◆ **Task instructions**:
Only text lines belong in the answer: the lines from the first one in the records through the line with "I.6.2 Pompeii. December 2018.", copied exactly.

┄┄┄┄┄┄┄┄┄┄┄┄┄┄┄┄┄┄┄┄

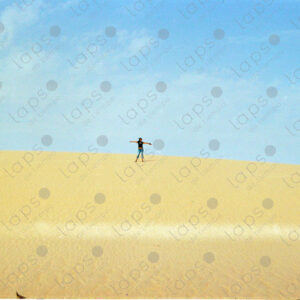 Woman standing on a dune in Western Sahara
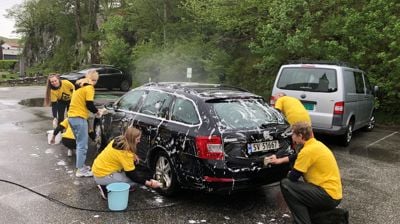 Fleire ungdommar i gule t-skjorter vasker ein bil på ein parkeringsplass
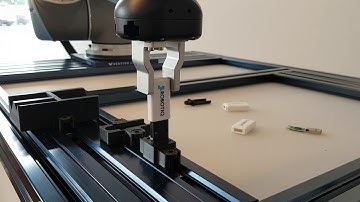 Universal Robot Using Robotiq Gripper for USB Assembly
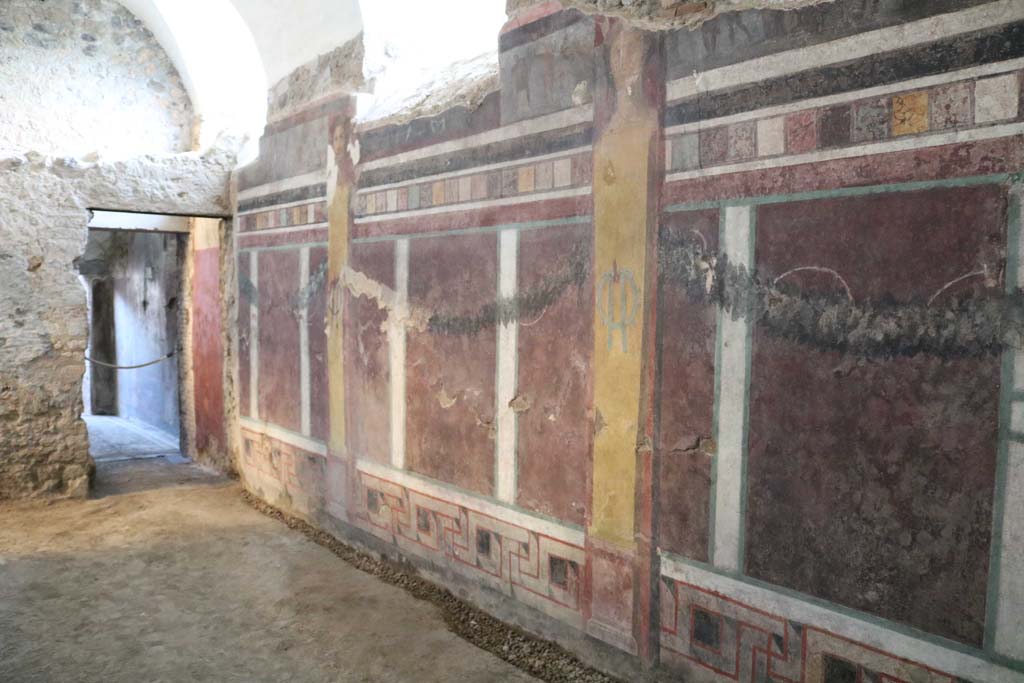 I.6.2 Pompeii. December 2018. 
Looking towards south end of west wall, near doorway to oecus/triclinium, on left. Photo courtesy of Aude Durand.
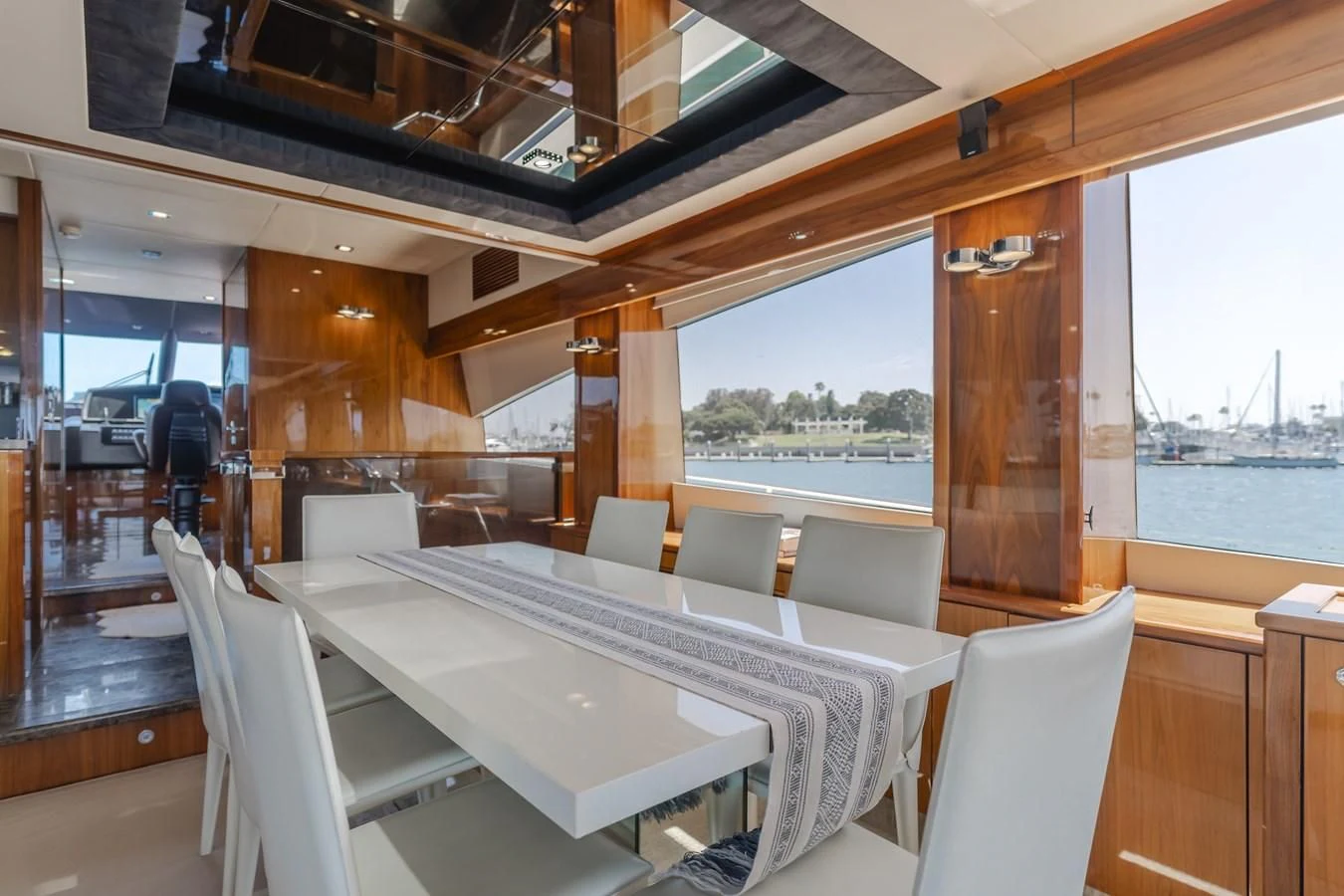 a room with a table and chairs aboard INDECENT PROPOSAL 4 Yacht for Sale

┄┄┄┄┄┄┄┄┄┄┄┄┄┄┄┄┄┄┄┄

◆ **Written response**:
 Woman standing on a dune in Western Sahara
 Fleire ungdommar i gule t-skjorter vasker ein bil på ein parkeringsplass
 Universal Robot Using Robotiq Gripper for USB Assembly
 I.6.2 Pompeii. December 2018. 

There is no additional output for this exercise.